- [REQUIRED WORK]
Transcribe the listing exactly, so that nothing but the pictures is missing.

Start of DATA SECTION

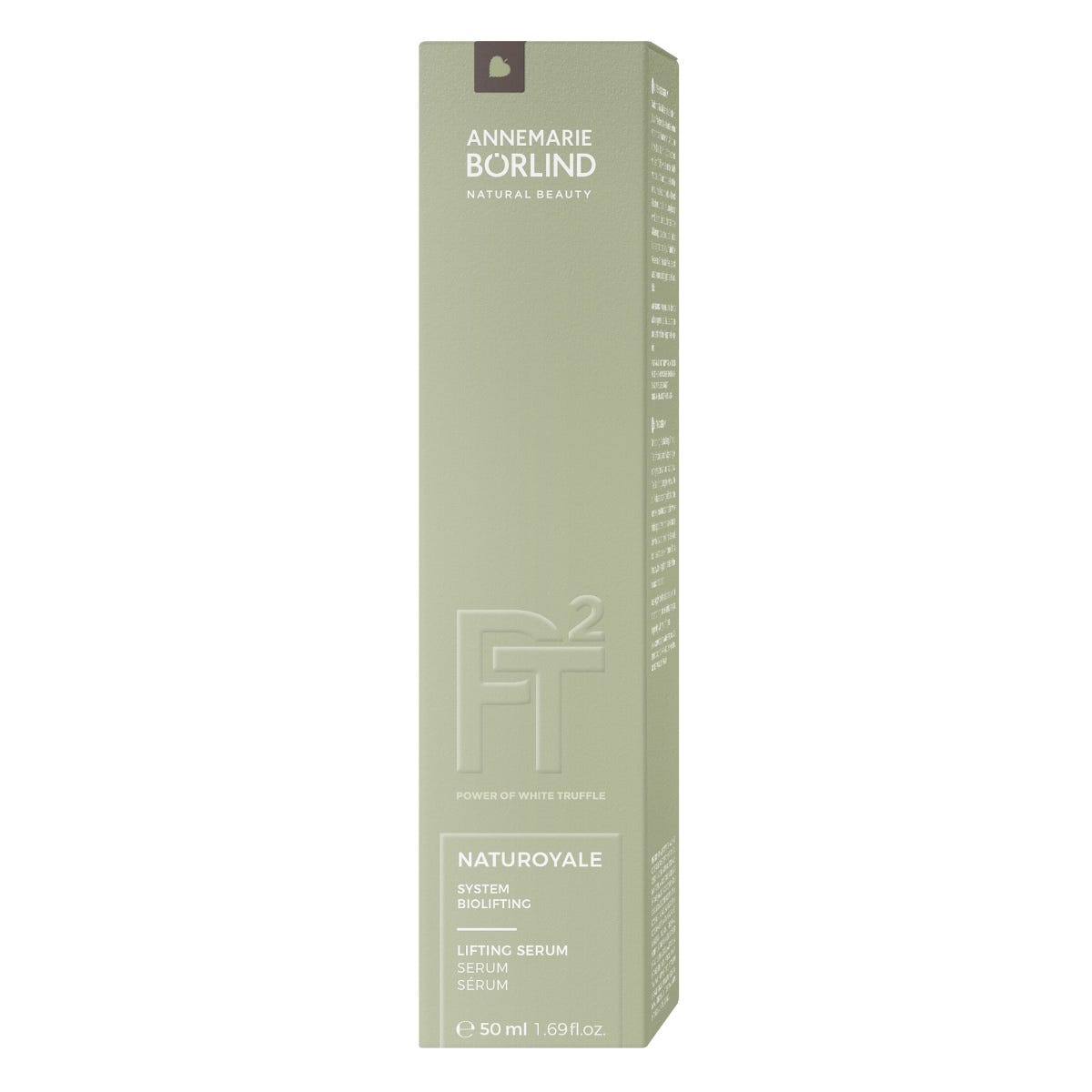 ANNEMARIE BÖRLIND NATUROYALE Lifting Serum 50 ml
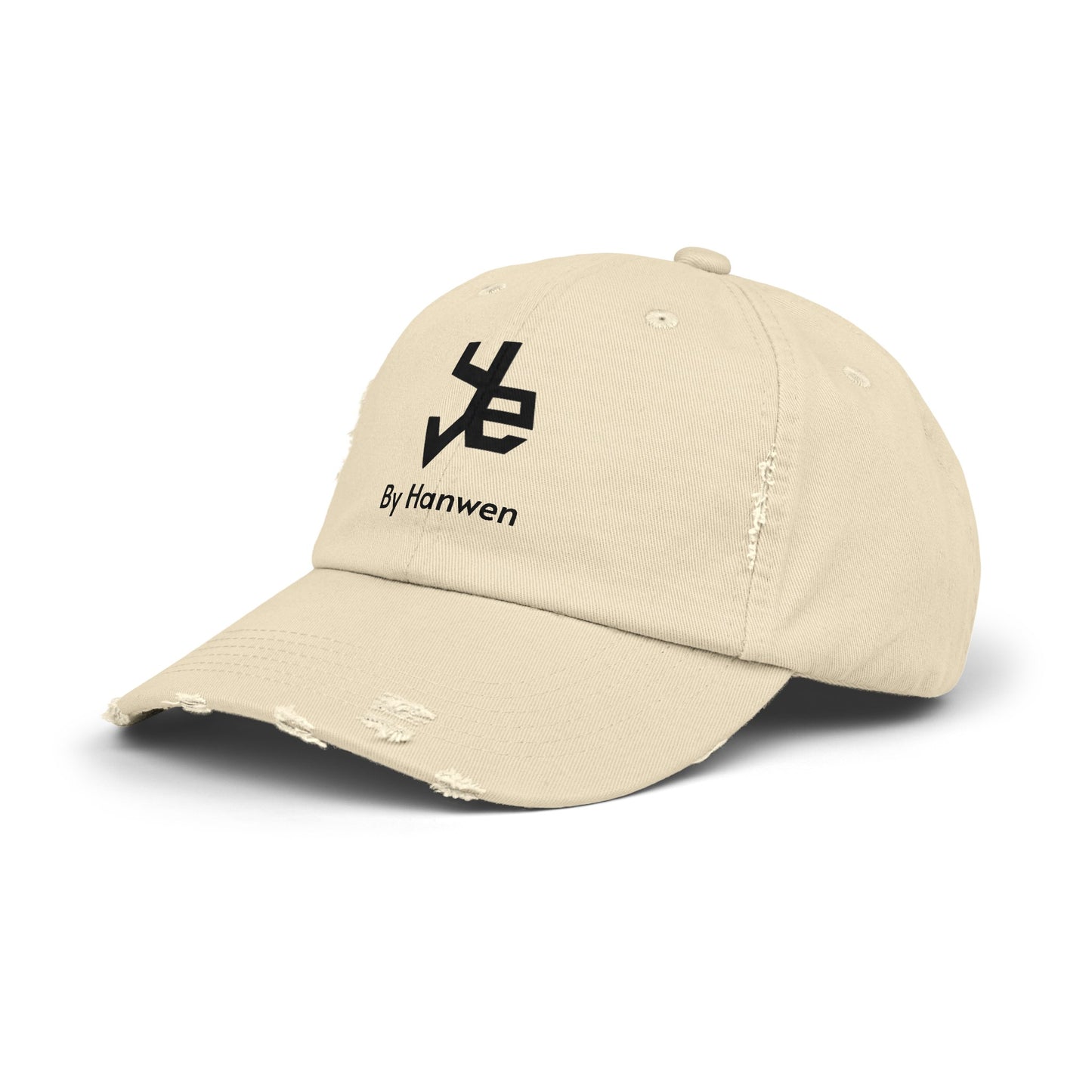 Ye On Top (Unisex Distressed Cap)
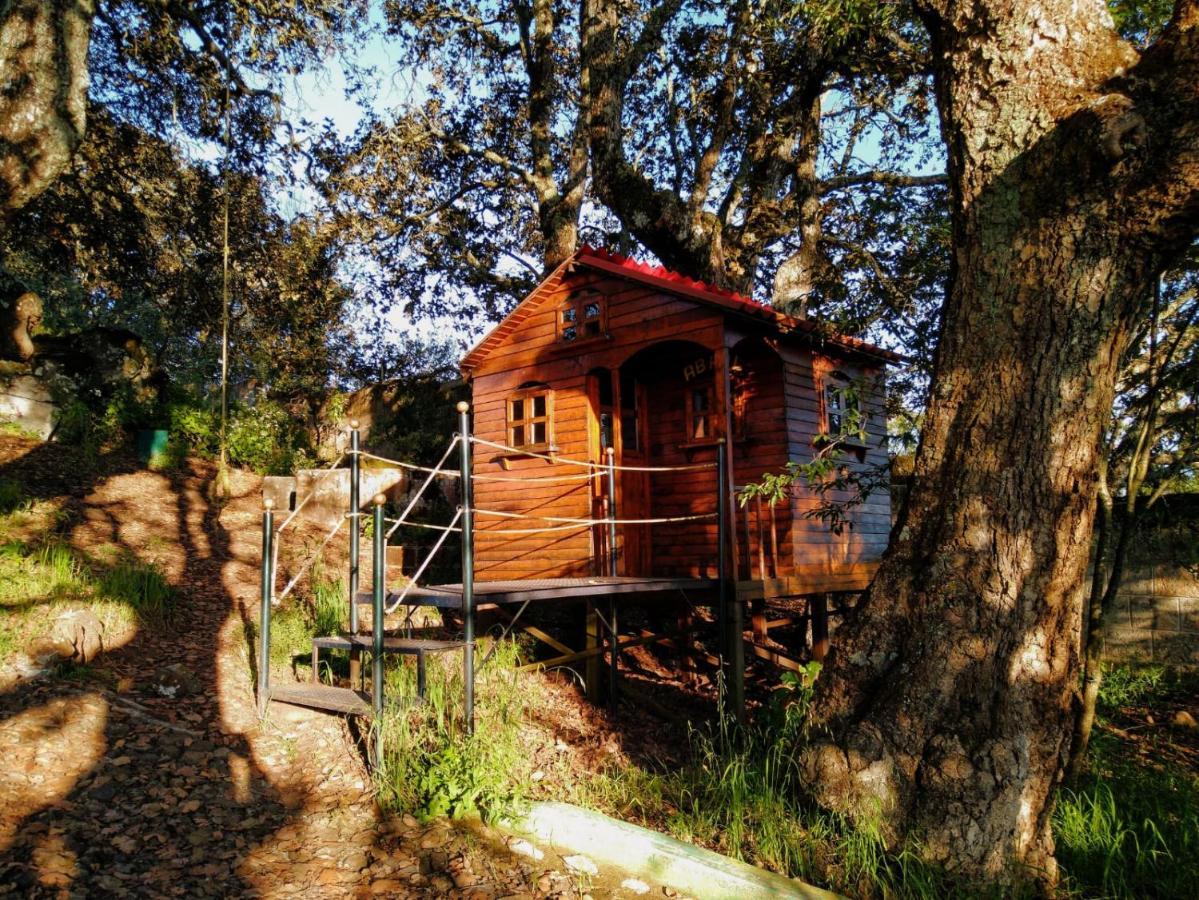 Hotel La Cabana De Lola Amealco Esterno foto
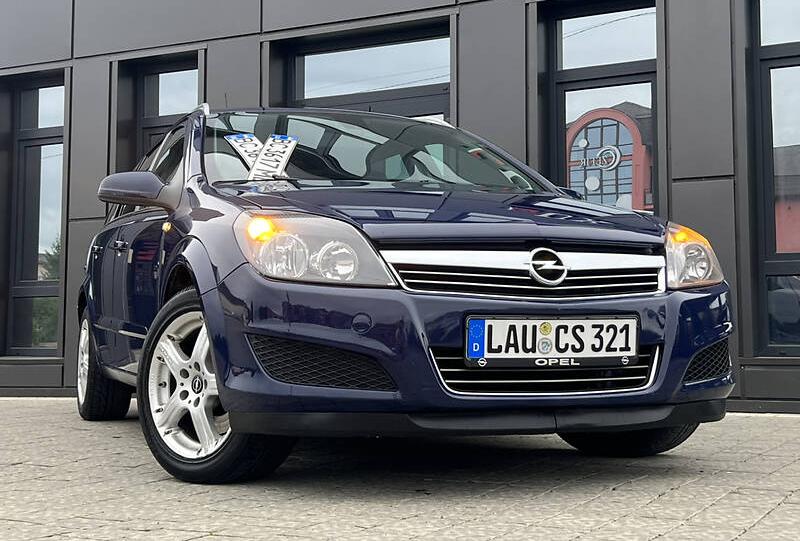 Opel Astra H COSMO 2008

End of DATA SECTION

- [ANSWER SPACE]
 ANNEMARIE BÖRLIND NATUROYALE Lifting Serum 50 ml
 Ye On Top (Unisex Distressed Cap)
 Hotel La Cabana De Lola Amealco Esterno foto
 Opel Astra H COSMO 2008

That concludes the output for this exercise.